Primer name Marker gene Target region Illumina Sequence PCR Primer
V3_357F_Nextera 16S rRNA V3-V4, V3-V5 TCGTCGGCAGCGTCAGATGTGTATAAGAGACAG CCTACGGGAGGCAGCAG
V4_806R_Nextera 16S rRNA V3-V4, V4 GTCTCGTGGGCTCGGAGATGTGTATAAGAGACAG GGACTACHVGGGTWTCTAAT

So, you want to use the sequences under the PCR Primer column for the cutadapt flags --p-front-f and --p-front-r respectively.

Hi Mike,
Thank you so much for the clarification.

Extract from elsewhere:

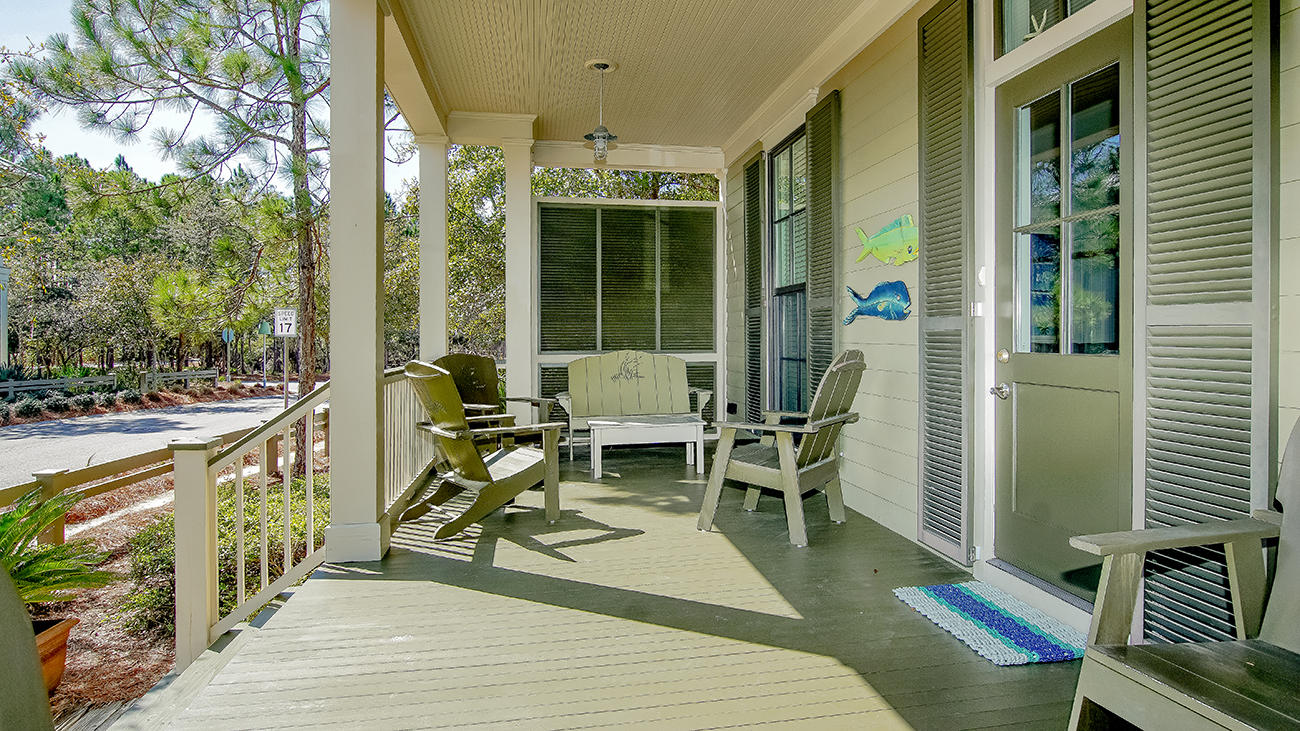 WATERCOLOR - Residential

I really appreciate your help.
Sincerely,
Urmila

1 Like

Hi Mike,
Do I need to use primer twice same as the link you provided before,

qiime cutadapt trim-paired
--i-demultiplexed-sequences paired-end-demux.qza
--p-cores 4
--p-front-f CCTACGGGNGGCWGCAG GACTACHVGGGTATCTAAKCC
--p-front-r GACTACHVGGGTATCTAAKCC CCTACGGGNGGCWGCAG
Thank you!

No. Like I said, you do not need to do this for your marker gene.

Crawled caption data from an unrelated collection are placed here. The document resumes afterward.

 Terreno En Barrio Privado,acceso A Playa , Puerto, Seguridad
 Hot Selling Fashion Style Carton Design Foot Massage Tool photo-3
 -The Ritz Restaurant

I was only mentioning this strategy for your general knowledge, if you ever make use of short marker genes. For example, if you were to sequence less than 100 bp.

Hi Mike,
I found multiple codes for removing primer. I am not sure which one to follow (I will adjust my primers).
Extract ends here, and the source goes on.